My initial idea, before I’d even had my visa approved to come here, was to explore the south for three months and then try to find work north of Tokyo, perhaps Sendai, living there but making shorter trips to visit parts of the country I’d not yet seen.
After my adventures, I started to adjust that plan for two reasons. The one I tell people is that I’m not confident enough in my Japanese to jump straight to somewhere I’m unfamiliar with, and would rather stay put somewhere I’m comfortable for the time being and hone my language abilities before venturing further.
The other reason, if I’m being honest, is just that I love it here in Kyoto. I love having a cool city nightlife or a gorgeous, secluded natural hike within walking distance. I’ve made friends here and continue to love just about every person I meet.
So, I came up with a plan: find a hostel in Kyoto or Osaka, work there for three months while I practice Japanese and look for a job to move onto. I’m two weeks into that search.
For applying for hostel jobs, I have a slightly awkward system. I look at a town I’m interested in staying in, search for hostels there through booking sites and so on, then copy and paste the hostel’s name into google to find their homepage. Once I’m on the website, I check to see if they’re hiring or offering any free accommodation cleaning work, and if they are then I apply.
As well as applying at hostels, I’ve also branched out into applying for more serious work, be it full or part time. Particularly interesting and available are jobs teaching English, a highly sort-after skill in a country with a low rate of second language. For this, I’ve mostly been searching through the excellent GaijinPot and YOLO Japan websites, both specifically designed to help English-speakers apply for work in Japan.
For the foreseeable, I’m continuing to search for other jobs, be they teaching or hostels or anything in between, while taking plenty of time to walk along the river, sit on the grass, spend time eating and drinking and laughing with my friends, and loving life.

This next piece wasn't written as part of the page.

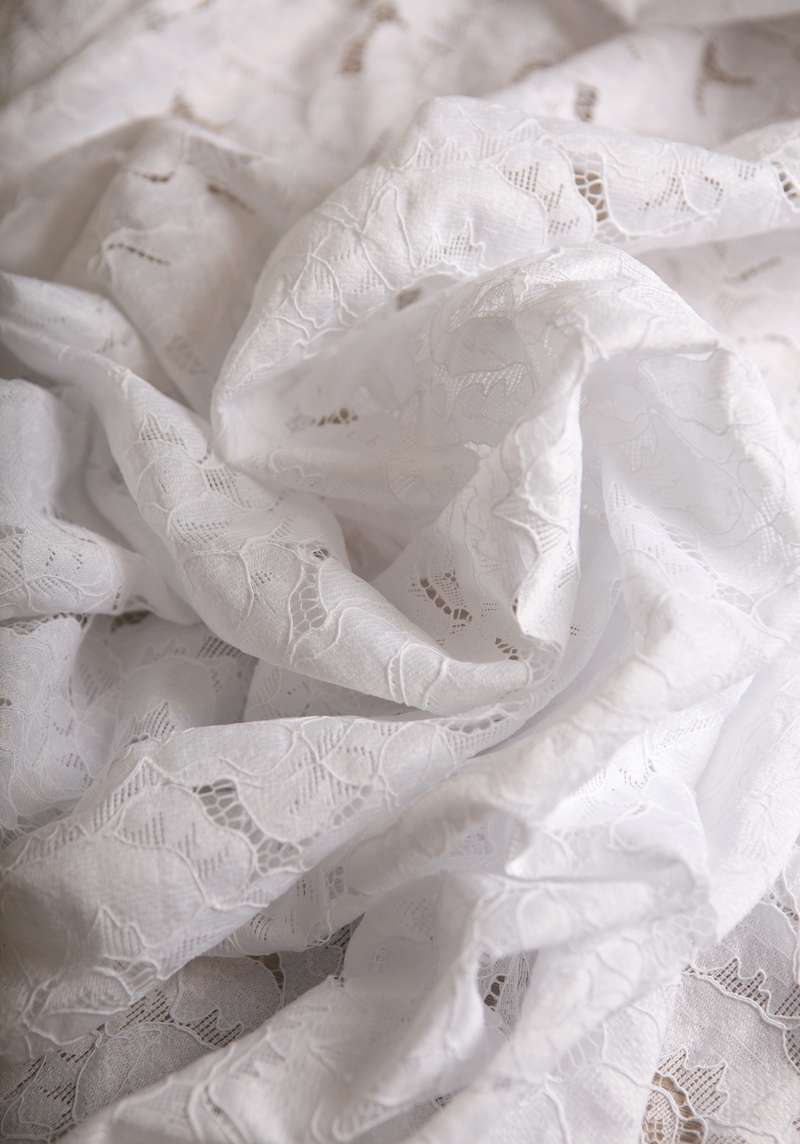 Tissu dentelle florale Daphné - Plusieurs coloris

Right now, anything could happen. I could find a job tomorrow and jump across the country, I could be here applying with no joy for months. If I decide to go with one of the jobs in June, I’ll have a month to kill, which I’m thinking I might spend volunteering on a farm, or living in a tent and exploring the mountains, or staying at a temple on a ten-day meditation course. This is an adventure, after all.